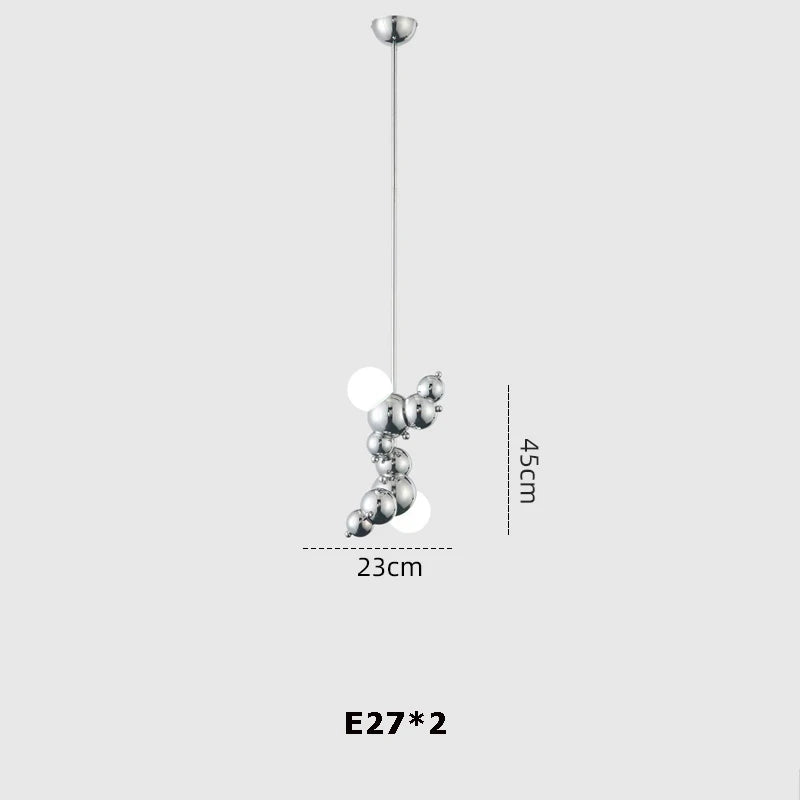 Chandelier led molecular design with variable intensity trend 2024 - White light / 2 light / Silver frame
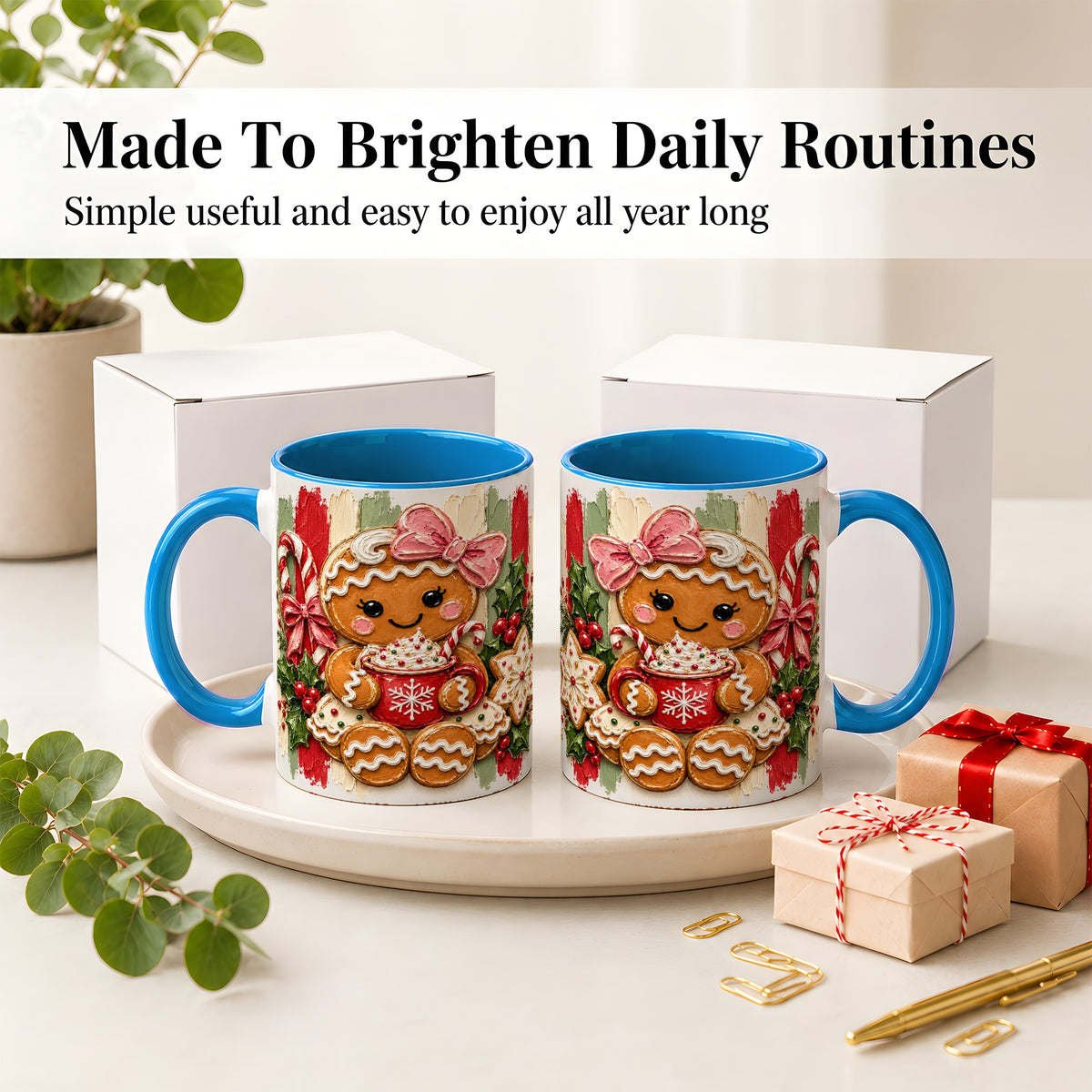 #pl[11oz|Blue] Gingerbread Girl Ceramic Mug, Christmas Cocoa Holiday Artwork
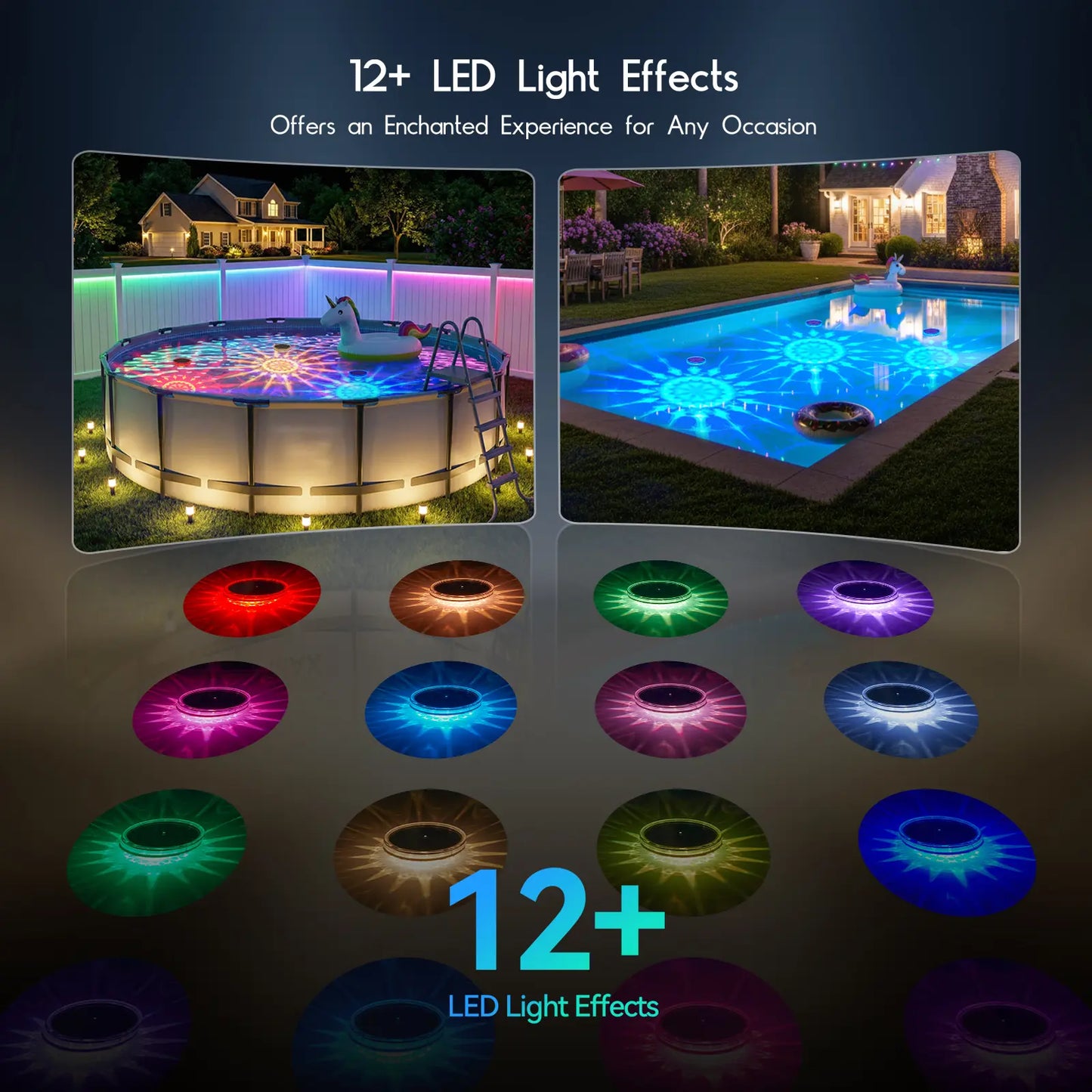 💥49% OFF💥Solar Floating Pool Lights, RGB Pool Lights with Remote Control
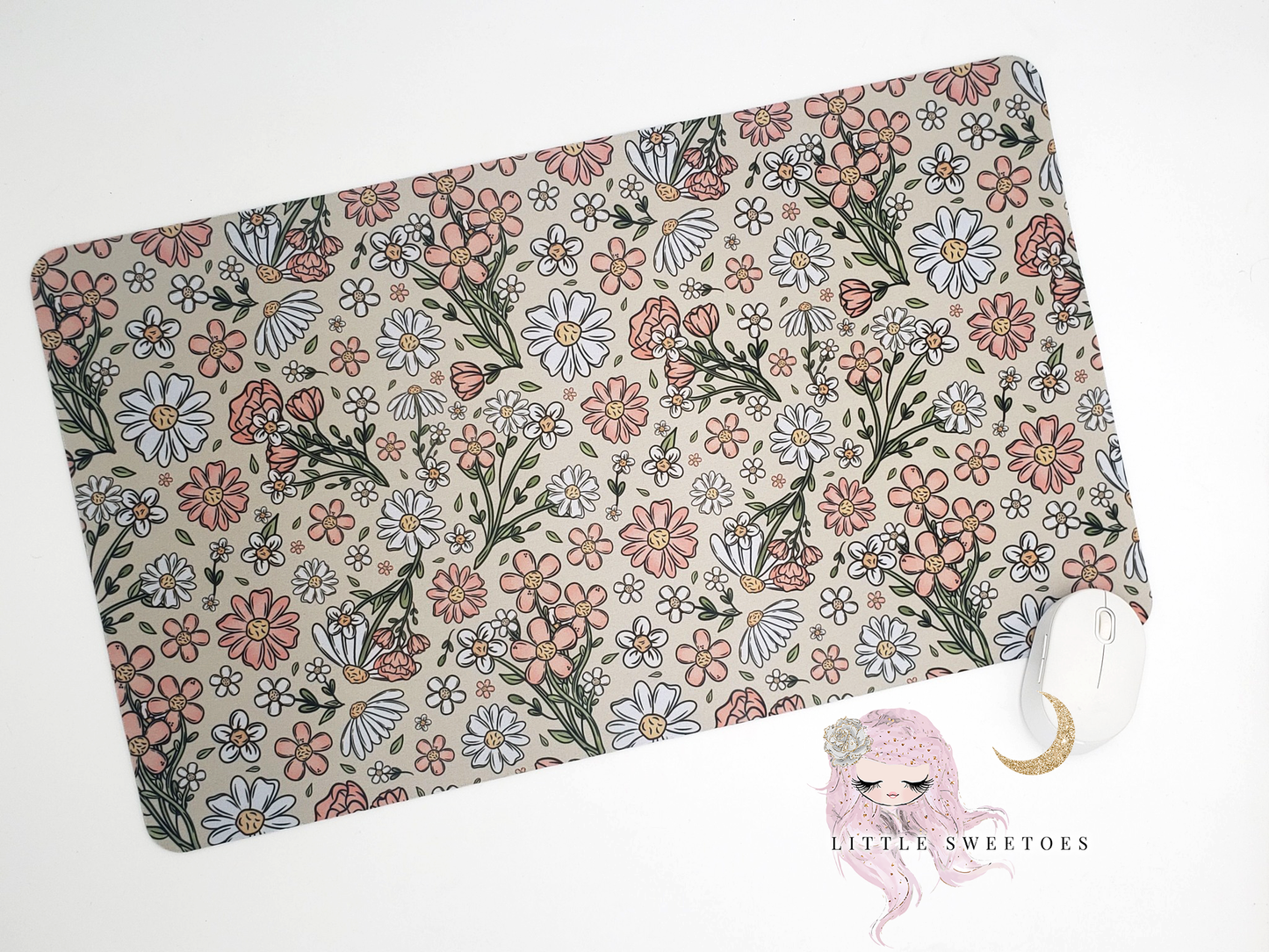 Flowers with Beige Background Large Desk MousePad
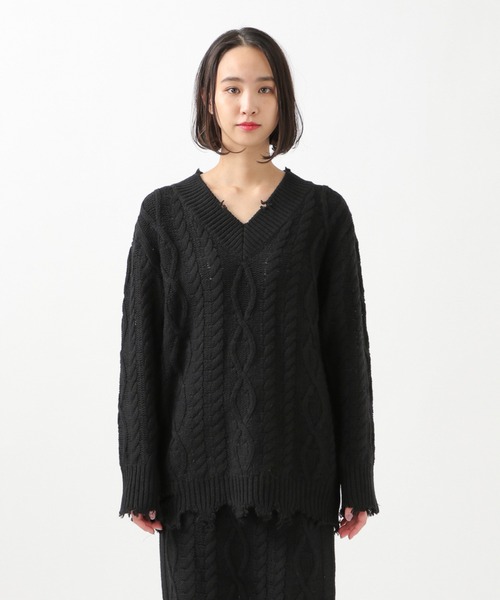 ROCKET x LUNCH（ロケットアンドランチ）の「ROCKET×LUNCH／DAMAGE KNITプルオーバー　2929028（ニット/セーター・レディース・ブラック・SMALL）」の5枚目の写真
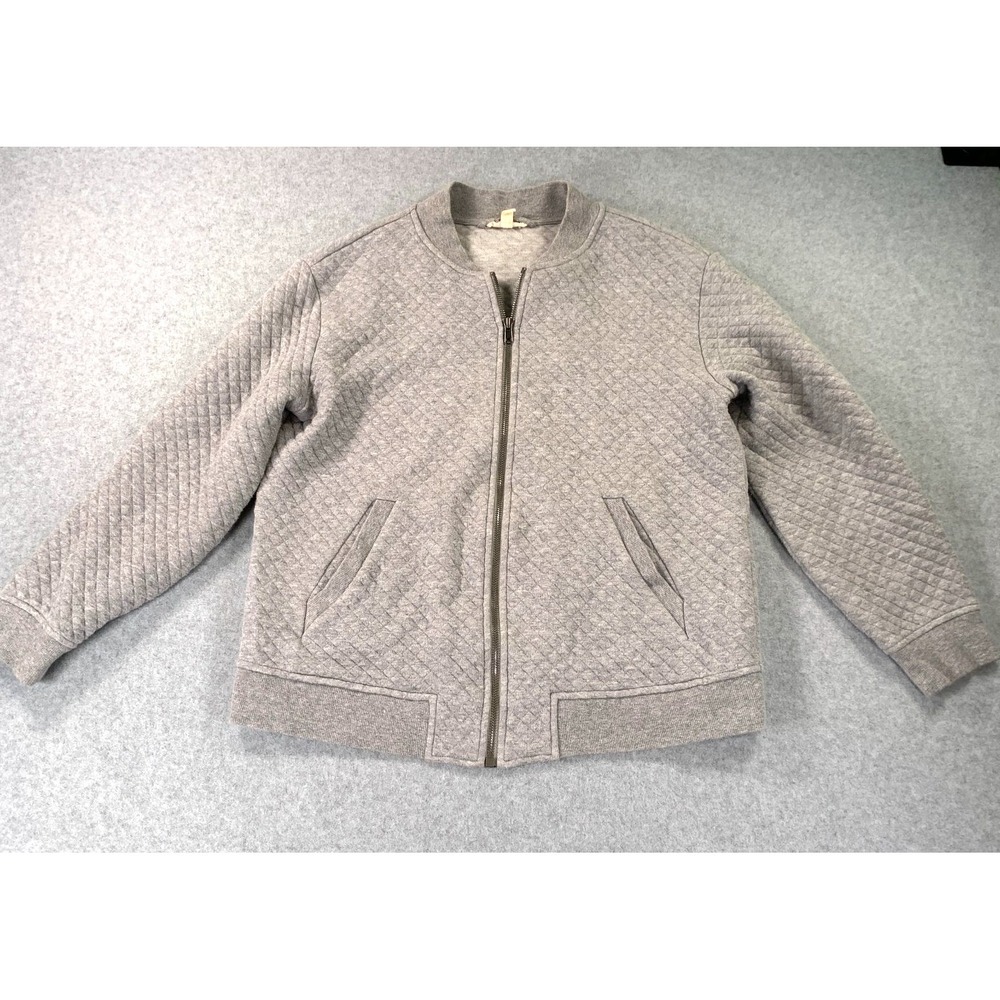 Eileen Fisher Quilted Bomber Jacket Gray Full Zip Women's Size Small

## Your task
Everything in the listing, except its images, should be set down exactly.

## Solution
 Chandelier led molecular design with variable intensity trend 2024 - White light / 2 light / Silver frame
 #pl[11oz|Blue] Gingerbread Girl Ceramic Mug, Christmas Cocoa Holiday Artwork
 💥49% OFF💥Solar Floating Pool Lights, RGB Pool Lights with Remote Control
 Flowers with Beige Background Large Desk MousePad
 ROCKET x LUNCH（ロケットアンドランチ）の「ROCKET×LUNCH／DAMAGE KNITプルオーバー　2929028（ニット/セーター・レディース・ブラック・SMALL）」の5枚目の写真
 Eileen Fisher Quilted Bomber Jacket Gray Full Zip Women's Size Small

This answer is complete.